Question

A binary solid (AB) has a rock salt structure. If the edge length is 500 pm, and radius of cation is 80 pm. Find the radius of an anion.
(A) 100 pm
(B) 120 pm
(C) 250 pm
(D) 170 pm

Answer 1

Hint: Use the relation between radius of cation and radius of anion for FCC lattice structure as rock salt (NaCl) has a FCC structure. The structure of NaCl is formed by repeating the face centered cubic unit cell. It has a 1:1 stoichiometry ratio of Na: Cl.
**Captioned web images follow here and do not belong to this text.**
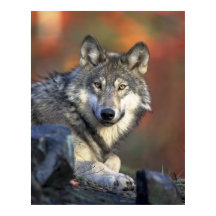 Grey Wolf Autumn Canvas Print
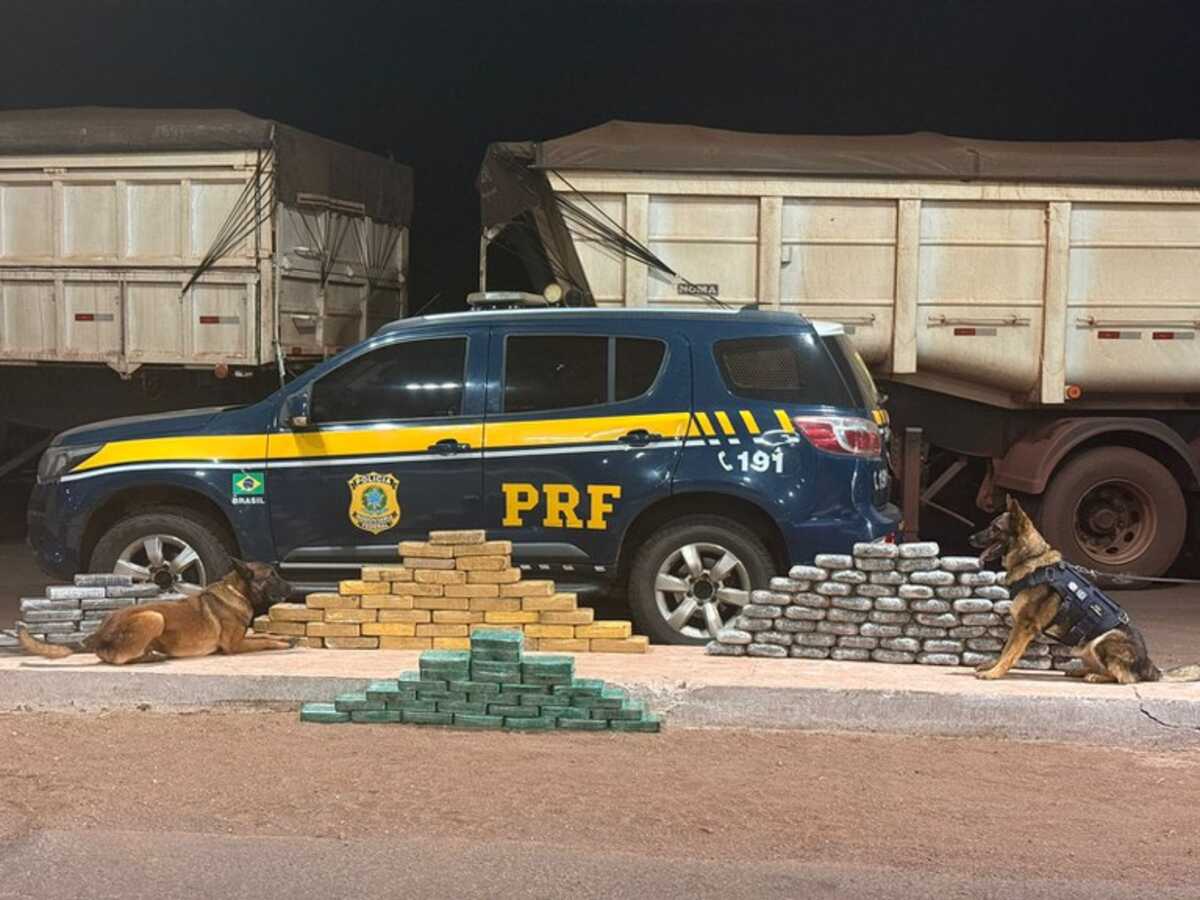 Mais de 130 kg de drogas escondidas em caminhãi são apreendidos em Terenos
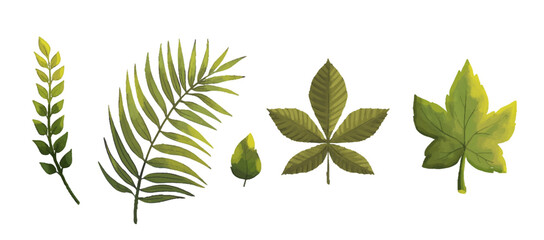Green leaves hand drawn vector illustration set
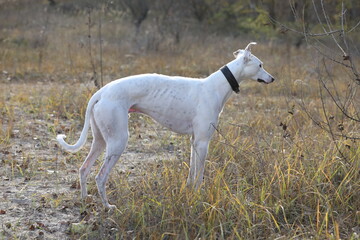 Obraz na płótnie Canvas Cute greyhound dog outdoor. Greyhound in nature background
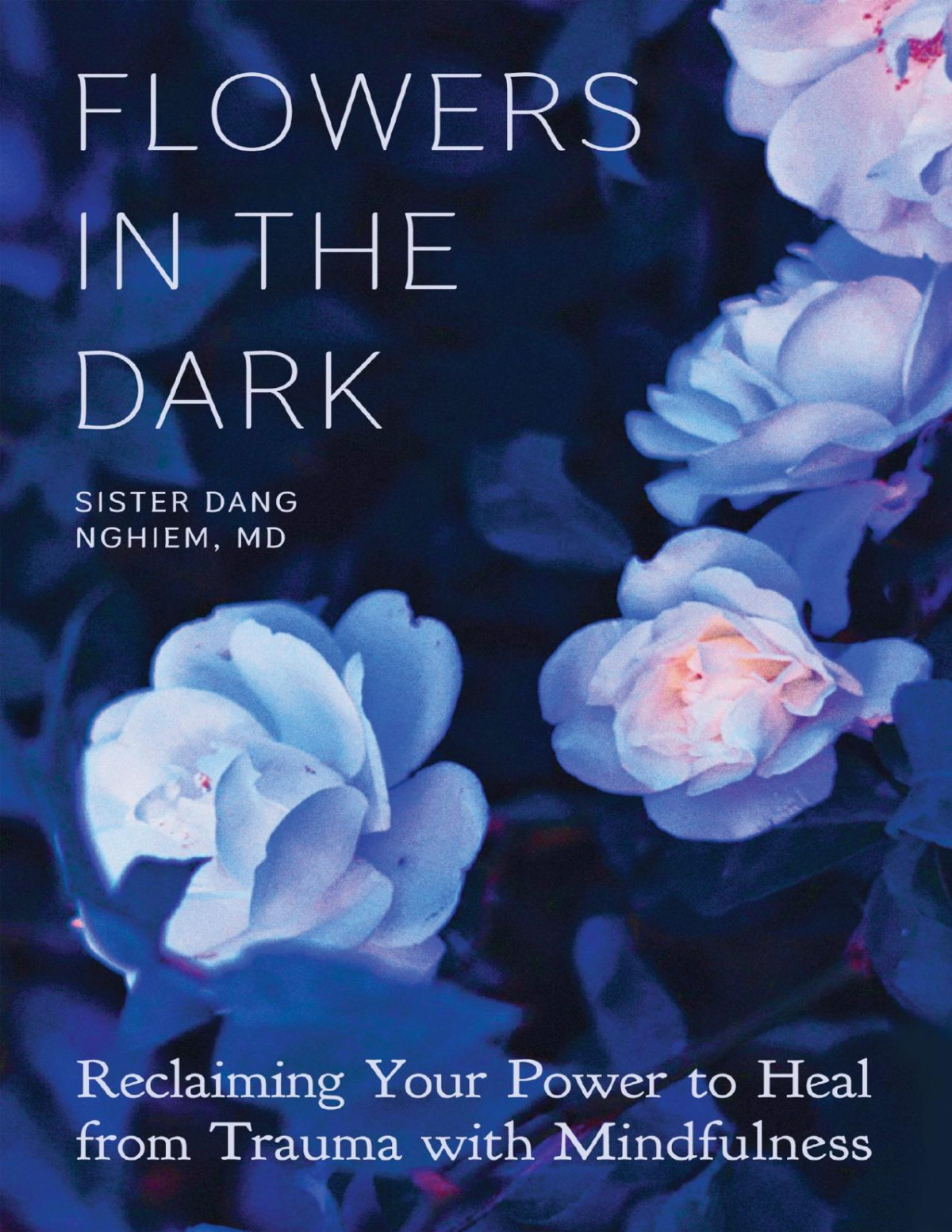 Flowers In The Dark Sister Dang Nghiem Nghiem Sister Dang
Formula Used: Radius of cation + Radius of anion = edge length/2

Complete Step By Step Solution
Given, edge length = 500 pm
Radius of cation = 80 pm
Using the formula, Radius of cation $ + $ Radius of anion = edge length/2 we get,
80 pm + Radius of anion = 500 pm/2
Therefore, radius of anion = 250 pm $ -80 $ pm
= 170 pm.
So, the correct option is (D).

Additional Information
FCC structure: In the FCC arrangement, there are eight atoms at corners of the unit cell and one atom at the center of each face. The atom in the face is shared with the adjacent cell. FCC unit cells thereby consist of four atoms, eight eighths contribution at the corners and six halves contribution in the faces. Two simple regular lattices have highest average density namely face-centered cubic and hexagonal close-packed lattices.

Note
Take care that radius of cation, radius of anion and edge length all must be in the same units. If not, convert them into the same units and then solve for the unknown quantity. Also check for the type of structure of the compound given and then use the formula accordingly.
The relation between edge length (a) and radius of atom (r) for BCC lattice is 3a =4r.